Yes (but a better viewpoint regarding gravity affecting you is below). While in the air you are floating and the frame around you (that is, an imaginary box surrounding you with respect to which you are at rest) is a free-float frame.

Obvsiouly gravity is still acting on you because you come back down, but the trick is then to establish a frame around you where--relative to the frame--gravity does not affect you?

You got it. You say “gravity is still acting on you” yet contradictorily “gravity does not affect you”. Let’s clean that up. You pushed off the trampoline to move away from the Earth, took no further action (began floating), and the Earth met you again. Then the Earth must have moved to reclaim you. When you want to go somewhere by car, you must initially accelerate to push the car there. And sure enough, while planted on the Earth we feel an upward acceleration, a push. How can the Earth push upward in all directions and not expand in size? Imagine that space itself accelerates inward toward the center of the Earth, while the surface of the Earth stays in place. Now the surface is accelerating through space like your car accelerates through space, but the Earth does not expand. With this viewpoint, gravity acts on you/affects you while you float no more than does some passing accelerating rocket, which is to say it does not. Since gravity does not affect your frame, special relativity applies within. You’ll eventually be reclaimed by the Earth because the space in which you float is going in that direction. But space is moving inward only so fast at each altitude, the higher the altitude the lesser inward velocity, so if you move outward fast enough (escape velocity) you’ll escape meeting the Earth, like coasting on a bicycle against a decelerating walkway.

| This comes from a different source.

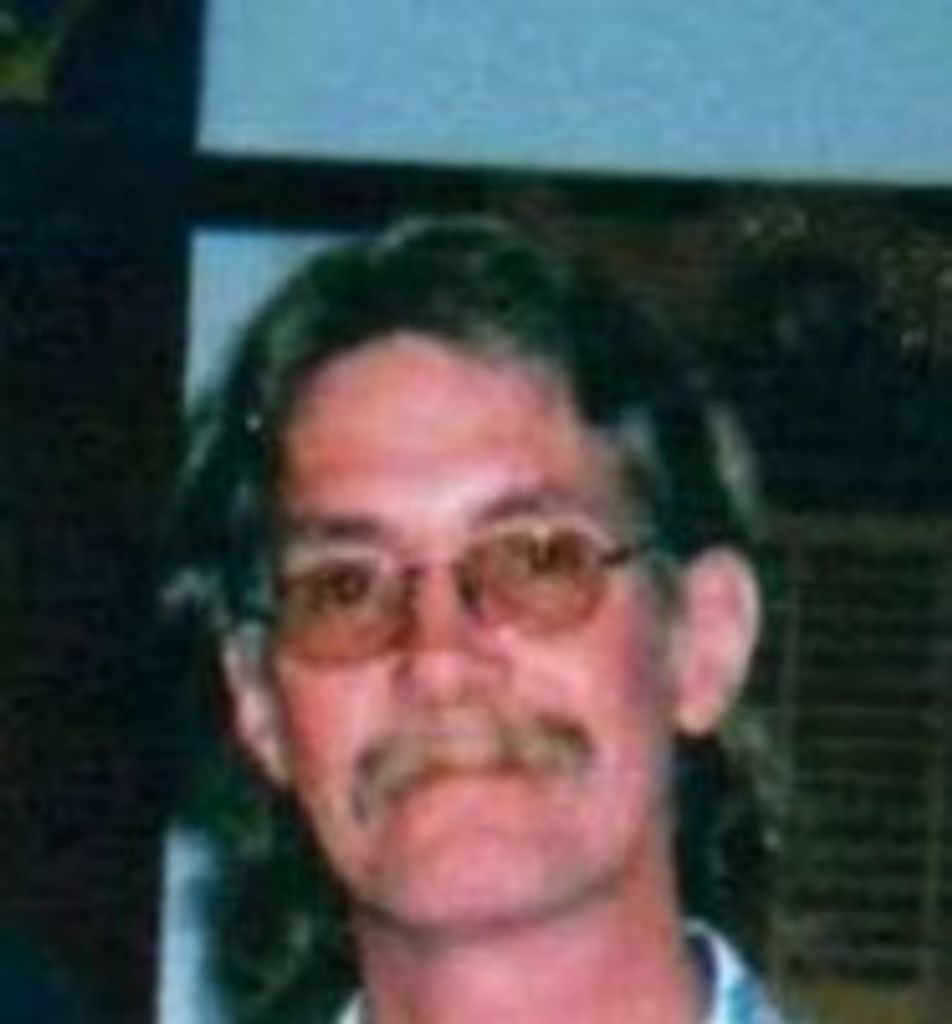 George  D. West Profile Photo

With this viewpoint, gravity affects and acts on the space (or technically spacetime) in which you float, but not you per se. In general relativity a key idea is: Spacetime tells mass how to move; mass tells spacetime how to curve. To paraphrase: The spacetime in which you float moves you toward the Earth; the Earth tells spacetime how to move toward the Earth. When you accelerate because the spacetime in which you float accelerates, you do not feel an acceleration; this is gravitational acceleration. A caveat is the tidal force mentioned above.
 
Last edited:
shibbysan said:
So even though gravity is affecting you you're in free float for the time in the air (in regards to the "frame" around you)? Obvsiouly gravity is still acting on you because you come back down, but the trick is then to establish a frame around you where--relative to the frame--gravity does not affect you?

Let's go from a trampoline to a more ambitious implementation of the same idea. Astronauts-in-training, generally curious peopole, and movie-makers have all made use of the "Vomit Comit", a plane that follows a free-fall parabolic trajctory.

Like the person on the trampoline while he is in the air, people in the plane experience weightlessness.

You can imagine people in the plane carrying out physics experiments. They would set up a "frame" (probably it would be better to call it a coordinate system, because the word "frame" has a lot of extra baggage that doesn't necessarily apply) with which they could do measurements. The people in the plane would find that Newton's laws hold (well, there would be some very tiny effects due to tidal forces). In this coordiante system, there would be no gravity (except for the very small tidal forces I mentioned). The equations of motions in this coordiante system would be just

m x'' = fx, my'' = fy, mz'' = fz, where the double-prime represents the second derivitive, i.e. x'' = d^2x/dt^2.